I discovered this book at Chatham House library. The front cover image of Arkan with his trademark white tiger gave away a lot of the subject detail of the book. It focuses on the war of the former Yugoslavia. Later in the work we touch upon the mass atrocities in other wars such as in Syria and Rwanda and also look at the Rohingya refugee crisis and the actions of Burma. Deep analyses of all sides of the Yugoslav conflict reveal patterns and structures of the killing machines that were let loose during that conflict, very often, like Arkan’s Tigers, paramilitary non-State actors, from which the overseeing central State political authorities could distance themselves so as to absolve themselves of legal blame for some of the excesses.
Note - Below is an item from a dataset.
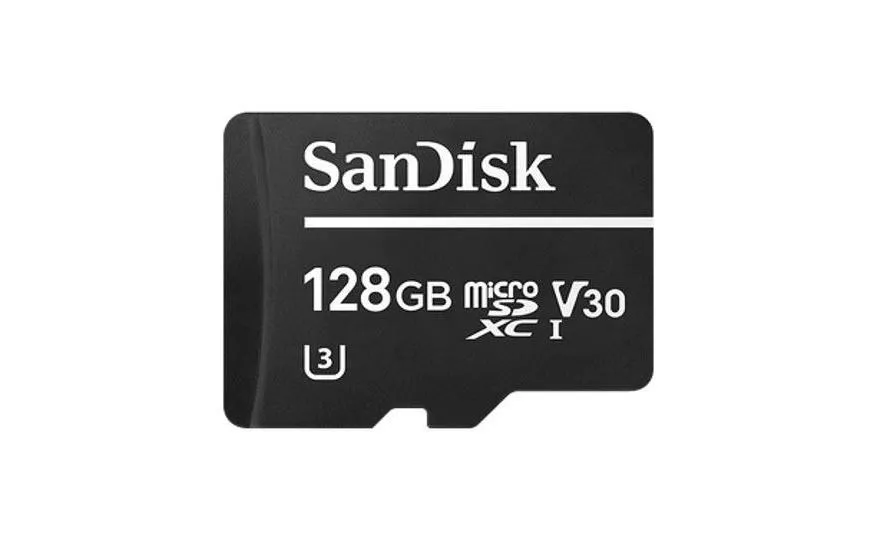 Speicherkarte Surveillance 128 GB microSDXC 1 Stück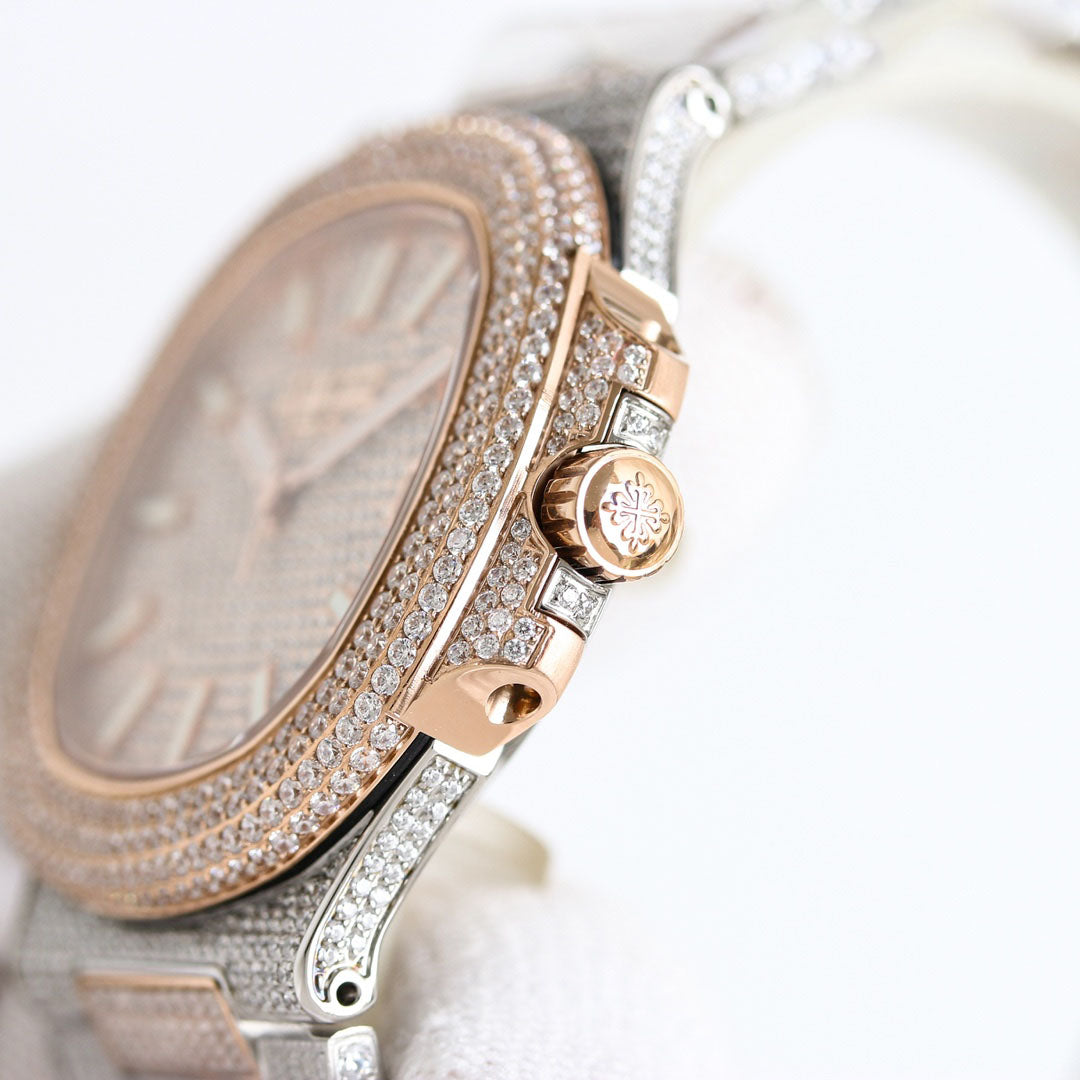 Patek Philippe Starry Sky Full Diamond Watch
It is clear that the State was still involved and indirectly participated in some of the worst violence. Often State media built up on a pedestal the heroes of the conflict, the irregular formations and their lead commanders. It wasn’t just the Serbs that had irregular formations. The Croats expanded through militia and the police and Bosnians irregulars had their ranks filled with Jihadists from far afiled, a foreign influx of seasoned, in essence, Islamic terrorists.

The Bosnian situation was dire with the Bosnian Serbs and Bosnian Croats taking leave of command from their centres and, often at odds, going to the extreme, the culmination being the Srebenica massacre where Radovan Karadžić committed the genocide of 10000 Muslim civilians. Often it was the civilian populations that bore the brunt of the mass atrocities, regular armies, in general, sticking to the script of the international consensus of the rules of war.
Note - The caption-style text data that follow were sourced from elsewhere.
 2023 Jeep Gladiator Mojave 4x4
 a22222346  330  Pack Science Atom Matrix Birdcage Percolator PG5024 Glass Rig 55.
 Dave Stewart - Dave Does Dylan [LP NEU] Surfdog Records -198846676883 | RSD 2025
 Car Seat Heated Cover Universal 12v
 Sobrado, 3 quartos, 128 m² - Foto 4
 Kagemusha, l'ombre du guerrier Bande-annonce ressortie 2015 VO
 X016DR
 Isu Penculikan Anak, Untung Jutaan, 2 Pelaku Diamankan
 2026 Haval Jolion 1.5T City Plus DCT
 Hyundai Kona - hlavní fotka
The author looks at how the command structures are built up to allow these atrocities and micro-examines the causes of such inhumane brutality. There is crossover between State leaders, government, army, organized crime, paramilitaries, smugglers and football hooligans. The State does not tacitly recognise the authority to act of the irregular forces and thus can absolve itself of much of the blame although in the case of Bosnian leader, Alija Izetbegović, he was so obviously attached to the Muslim Jihadists and reliant on them despite him openly presenting as a European-style leader. Slobodan Milošević was more evasive in his political grandstanding and deceptive and presented a unified front to the outside world. Here is a good quote from the book:

‘Brendan Simms exposed what he called British ‘Serbophilia’ in his unforgiving indictment of Britain’s failed Bosnia policy. He argues that what was seen as Serbian military spit-and-polish, in contrast to the ‘rag-tag’ Bosnian Muslims, helped persuade British decision makers that the Serbian establishment were people the British could continue to do business with.’

The public mood globally, after Bosnia, had shifted and in ways in which the author describes an essential way in which to avoid mass atrocities, the international public outcry caused the world to intervene so as to prevent further atrocities in Kosovo.

I enjoyed learning in detail the more intricate, if brutal elements of the conflict and it is a detailed study of what until Ukraine had been the largest conflict on European soil since World War 2. Late on in the book, the author, Kate Ferguson, goes on to look at other arenas and I feel that she could indeed have written separate books for each of these spheres.

I hope to purchase a copy of this book once I return it to the library as it will be useful for future reference.